On New Years Day in the morning

The Baby’s Opera, by Walter Crane, Illustrated by Walter Crane

Three Ships

I saw three ships come sailing by, Sailing by, sailing by. I saw three ships come sailing by, on New-year’s Day in the morning. And what do you think was in them then, in them then, in them then. And what do you think was in them then, On New-year’s Day in the morning?
Three pretty girls were in them then, in them then, in them then. Three pretty girls were in them then, on New-year’s Day in the morning.
And one could whistle, and one could sing. The other play on the violin; Such joy there was at my wedding, on New-year’s Day in the morning.

On the longest leg of the red eye back from San Francisco to Atlanta, this morning, New Years Day, just before I awoke, I heard three planes go whizzing by in the other direction. Near misses. The first one honked its horn. The third time, people on my plane were anxious and muttering.

I said to the lady next to me. Did I dream three planes flying by? She said, “Guess so. I didn’t see anything like that.”

So, I was thinking. Three ships go sailing by on Christmas morning. And found out that there’s another version from the 19th century. One about three pretty girls going to a wedding…

A little more joyful than the earlier version, which alludes to the ships that brought the relics of the magi to Cologne Cathedral in the 12th century.

The Christmas version, from the 17th century, is a variant of “Greensleeves,” and is thought to be from Debyshire.

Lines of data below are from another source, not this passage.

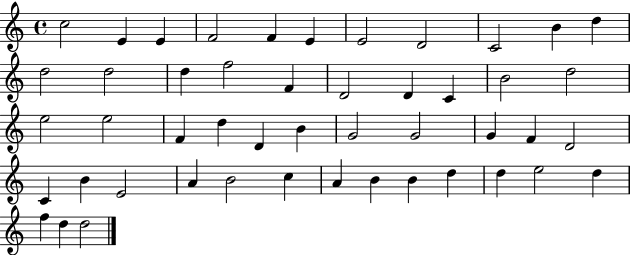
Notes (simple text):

C5/h E4/q E4/q F4/h F4/q E4/q E4/h D4/h C4/h B4/q D5/q D5/h D5/h D5/q F5/h F4/q D4/h D4/q C4/q B4/h D5/h E5/h E5/h F4/q D5/q D4/q B4/q G4/h G4/h G4/q F4/q D4/h C4/q B4/q E4/h A4/q B4/h C5/q A4/q B4/q B4/q D5/q D5/q E5/h D5/q F5/q D5/q D5/h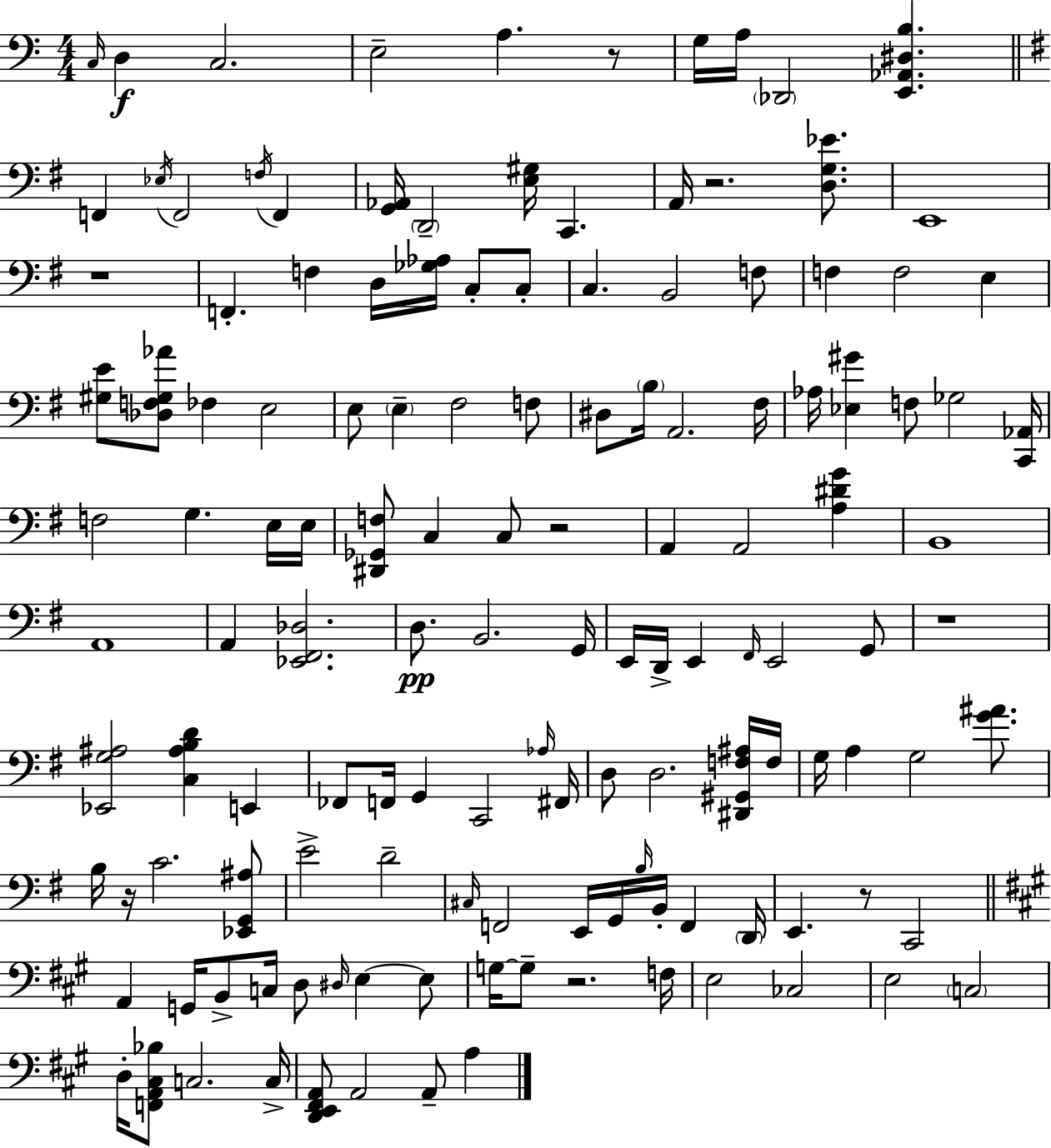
C3/s D3/q C3/h. E3/h A3/q. R/e G3/s A3/s Db2/h [E2,Ab2,D#3,B3]/q. F2/q Eb3/s F2/h F3/s F2/q [G2,Ab2]/s D2/h [E3,G#3]/s C2/q. A2/s R/h. [D3,G3,Eb4]/e. E2/w R/w F2/q. F3/q D3/s [Gb3,Ab3]/s C3/e C3/e C3/q. B2/h F3/e F3/q F3/h E3/q [G#3,E4]/e [Db3,F3,G#3,Ab4]/e FES3/q E3/h E3/e E3/q F#3/h F3/e D#3/e B3/s A2/h. F#3/s Ab3/s [Eb3,G#4]/q F3/e Gb3/h [C2,Ab2]/s F3/h G3/q. E3/s E3/s [D#2,Gb2,F3]/e C3/q C3/e R/h A2/q A2/h [A3,D#4,G4]/q B2/w A2/w A2/q [Eb2,F#2,Db3]/h. D3/e. B2/h. G2/s E2/s D2/s E2/q F#2/s E2/h G2/e R/w [Eb2,G3,A#3]/h [C3,A#3,B3,D4]/q E2/q FES2/e F2/s G2/q C2/h Ab3/s F#2/s D3/e D3/h. [D#2,G#2,F3,A#3]/s F3/s G3/s A3/q G3/h [G4,A#4]/e. B3/s R/s C4/h. [Eb2,G2,A#3]/e E4/h D4/h C#3/s F2/h E2/s G2/s B3/s B2/s F2/q D2/s E2/q. R/e C2/h A2/q G2/s B2/e C3/s D3/e D#3/s E3/q E3/e G3/s G3/e R/h. F3/s E3/h CES3/h E3/h C3/h D3/s [F2,A2,C#3,Bb3]/e C3/h. C3/s [D2,E2,F#2,A2]/e A2/h A2/e A3/q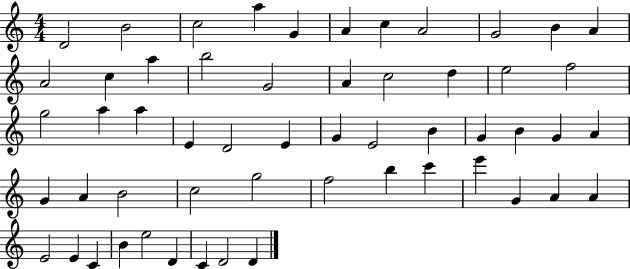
D4/h B4/h C5/h A5/q G4/q A4/q C5/q A4/h G4/h B4/q A4/q A4/h C5/q A5/q B5/h G4/h A4/q C5/h D5/q E5/h F5/h G5/h A5/q A5/q E4/q D4/h E4/q G4/q E4/h B4/q G4/q B4/q G4/q A4/q G4/q A4/q B4/h C5/h G5/h F5/h B5/q C6/q E6/q G4/q A4/q A4/q E4/h E4/q C4/q B4/q E5/h D4/q C4/q D4/h D4/q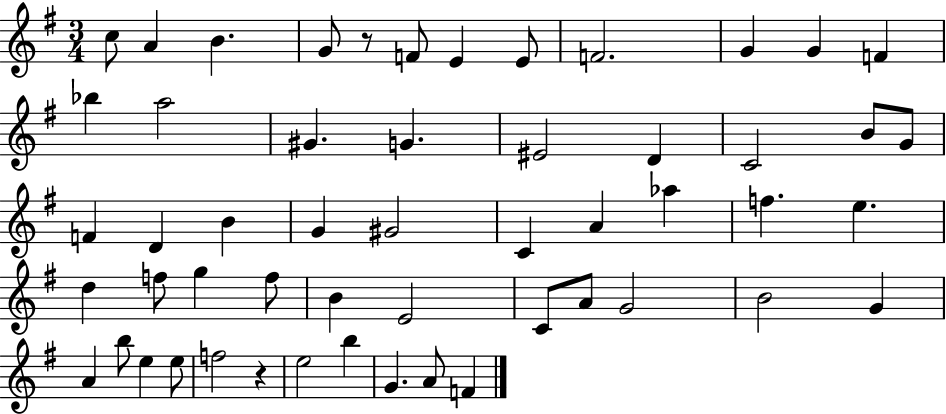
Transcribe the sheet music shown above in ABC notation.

X:1
T:Untitled
M:3/4
L:1/4
K:G
c/2 A B G/2 z/2 F/2 E E/2 F2 G G F _b a2 ^G G ^E2 D C2 B/2 G/2 F D B G ^G2 C A _a f e d f/2 g f/2 B E2 C/2 A/2 G2 B2 G A b/2 e e/2 f2 z e2 b G A/2 F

When I left the plane, around 6ish, I guess, I asked the pilot and attendants, where were we at midnight, New Years? The stewardess said, which time zone? But the pilot spoke up… right around Salt Lake City, he said. An interesting place to celebrate New Years Eve, asleep, no less… A nonalcoholic, yet unconscious, holiday…

I Saw 3 Ships
Three Ships by Josephine Wall

I am not the only one struck by this nursery rhyme. In the work by Josephine Wall, pictured above, “the girls have become angels and the ships’ sails are wings. They are sailing in a sea of dandelions, hence the dandelion seeds, and the sun is a huge dandelion.”